Psalm 62:8: A Model for Prayer

Thomas Brooks, in his work The Secret Key to Heaven, gives a brief but wonderful insight into the nature of true prayer. He writes,

God looks not at the elegancy of your prayers, to see how neat they are; nor yet at the geometry of your prayers to see how long they are; nor yet at the arithmetic of your prayers, to see how many they are; nor yet at the music of your prayers, nor yet at the sweetness of your voice, nor yet at the logic of your prayers; but at the sincerity of your prayers, how hearty they are. There is no prayer acknowledged, approved, accepted, recorded, or rewarded by God, but that wherein the heart is sincerely and wholly. The true mother would not have the child divided. As God loves a broken and contrite heart, so he loathes a divided heart.[1]  

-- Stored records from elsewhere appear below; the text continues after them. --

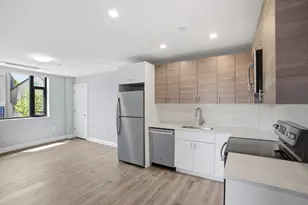 632 Centre St, Boston, MA 02139 - Photo 4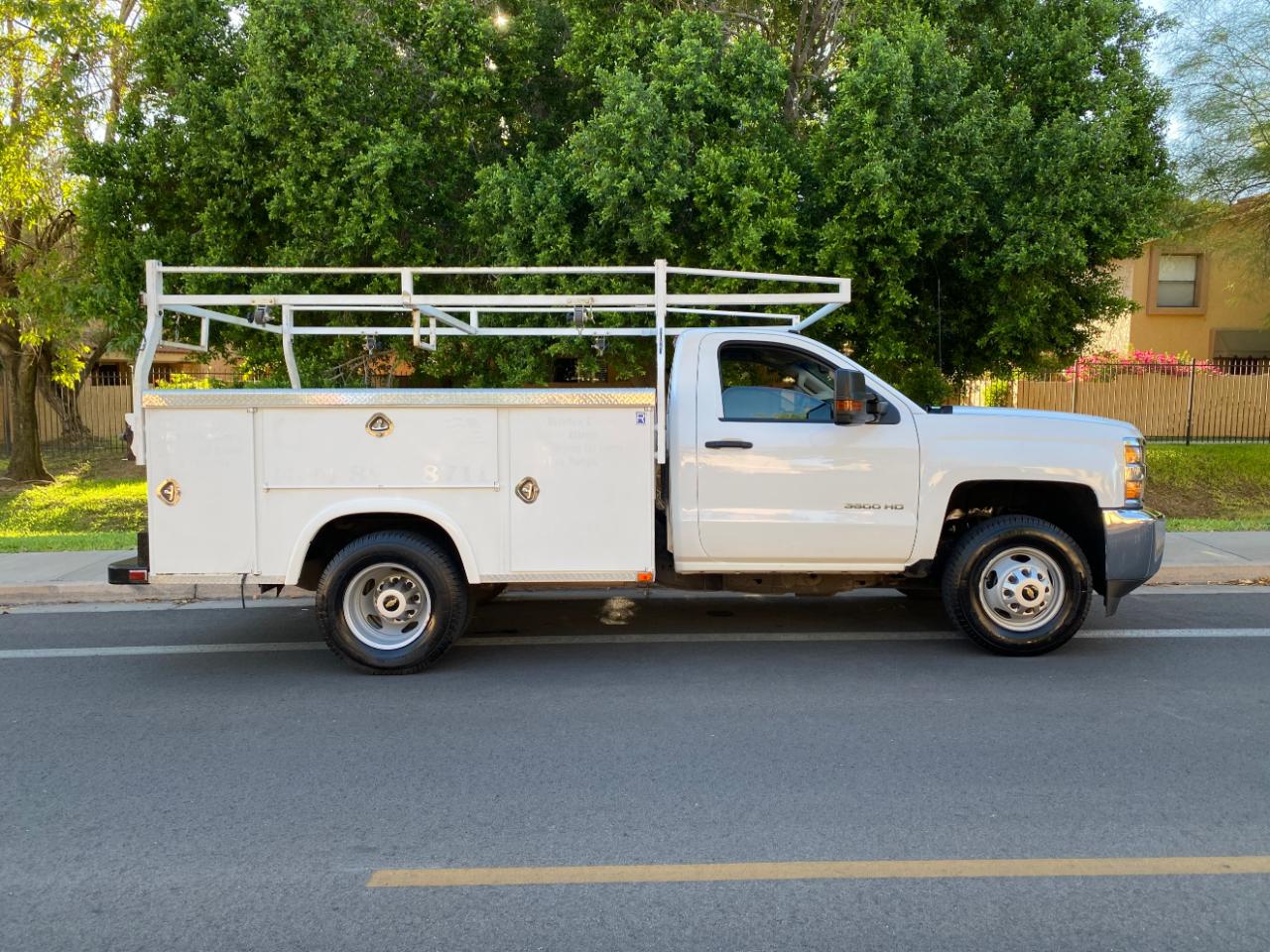 Chevrolet Silverado 3500HD CC 2WD Reg Cab 137.5" WB, 59.06" CA WT 2019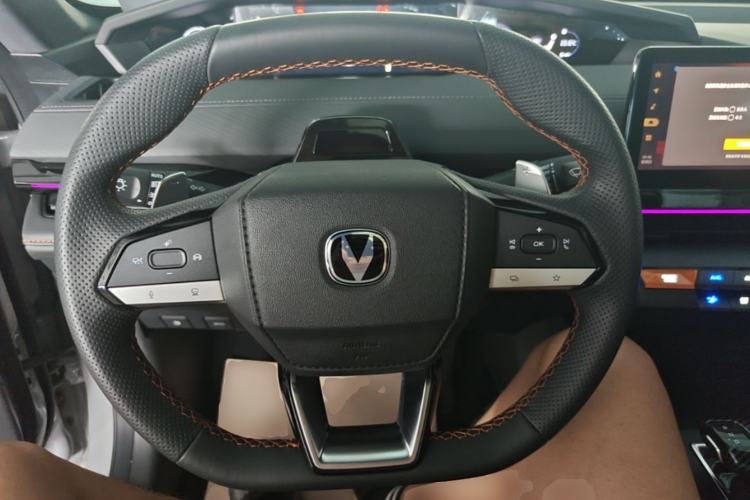 Used CHANGAN UNI-V 2022 1.5T Prestige Version Steering Wheel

In Psalm 62:8, David exemplifies just what Brooks describes.  David writes, “Trust in him at all times, O people; pour out your heart before him; God is a refuge for us” (Psalm 62:8). In this short verse David instructs God’s people on prayer with an undivided heart, the kind of prayer God rewards.

First, this kind of prayer begins with a call to total trust in God, a trust which is “at all times.” The emphasis is not upon the level of trust, but rather the constancy of trust and the worthiness of the Person trusted in. A trust which is able to endure at all times can only be a trust focused and founded on the God of salvation. This is why in the verse before David exclaims that “He only is my rock and my salvation, my fortress; I shall not be shaken. On God rests my salvation and my glory; my mighty rock, my refuge is God.” God’s solidity leads to David’s constancy in trust.  David trusts the reliable God and constantly rests on his strength.

And this leads to the second point about godly prayer.  It is not only constant, it is also honest.  That is, it is a prayer offered in integrity of heart.  David instructs God’s people in verse 8 to, “pour out your heart before him”.  The consequence of fixing your heart to trust in God is to pour out your heart in prayer. For David, trusting in God is praying to God. And it is not just any old kind of prayer but a prayer which comes from deep within the heart. This is why Brooks can say that God looks at the sincerity and heartiness of prayer. Who can read Psalm 34 and not hear the sincerity of David’s heart when he says that he “cried and the Lord heard him... Oh taste and see that the Lord is good!” Or in Psalm 16 when he opens his heart before the Lord and proclaims “that my heart is glad, and my whole being rejoices!” For David, true prayer requires the whole heart to be engaged.

Not only does he instruct the godly to constantly pour out their whole heart in prayer, but specifically, to do so “before him”. This is a prayer that is firmly trusting in God, pouring out the heart to God, and aware of being in God’s presence. This brings to mind the scene in Isaiah 6. Isaiah is brought before the LORD in his temple and throne-room. And the effect of this drives Isaiah, in humility, to be focused completely upon God. The thrice holy, majestic, and terrifying Lord demands complete attention.  And it is this kind of focus to which  David points his readers.  Godly prayer is a constant and honest opening of the heart before God himself.  Or as Brooks would put it, “a humbled and contrite heart and undivided in its focus.”

But David doesn’t end there. He shows us lastly that his prayer before God recognizes God as a refuge.  God is a saving God. David goes from the terrifying presence of God to the comforting mercy and grace of God; a God who loves to save and sustain in protective refuge. Earlier in the Psalm David wrote that God “is my rock and my salvation, my fortress; I shall not be greatly shaken.” And he returns to this comforting truth.  It is finally in the awareness of God’s tender mercy and sovereign protection that true prayer begins to fly. As a young son flies to his Father in the midst of hurt or fear, so too do the sons of God fly to a Sovereign Father who promises to work out all things for those who love Him.

Psalm 62:8 gives believers a beautiful picture of prayer. It is prayer which stems from continual trust in a trustworthy God. It is prayer which pours out the whole heart before God. And it is prayer which knows God as Savior, and which rests in the refuge of his mercies.


[1] Thomas Brooks, The Secret Key to Heaven


Stephen Unthank serves at Trinity Community Church in Bowie, MD, just outside of Washington, DC.  He lives in Bowie with his wife, Maricel and their son, Ambrose.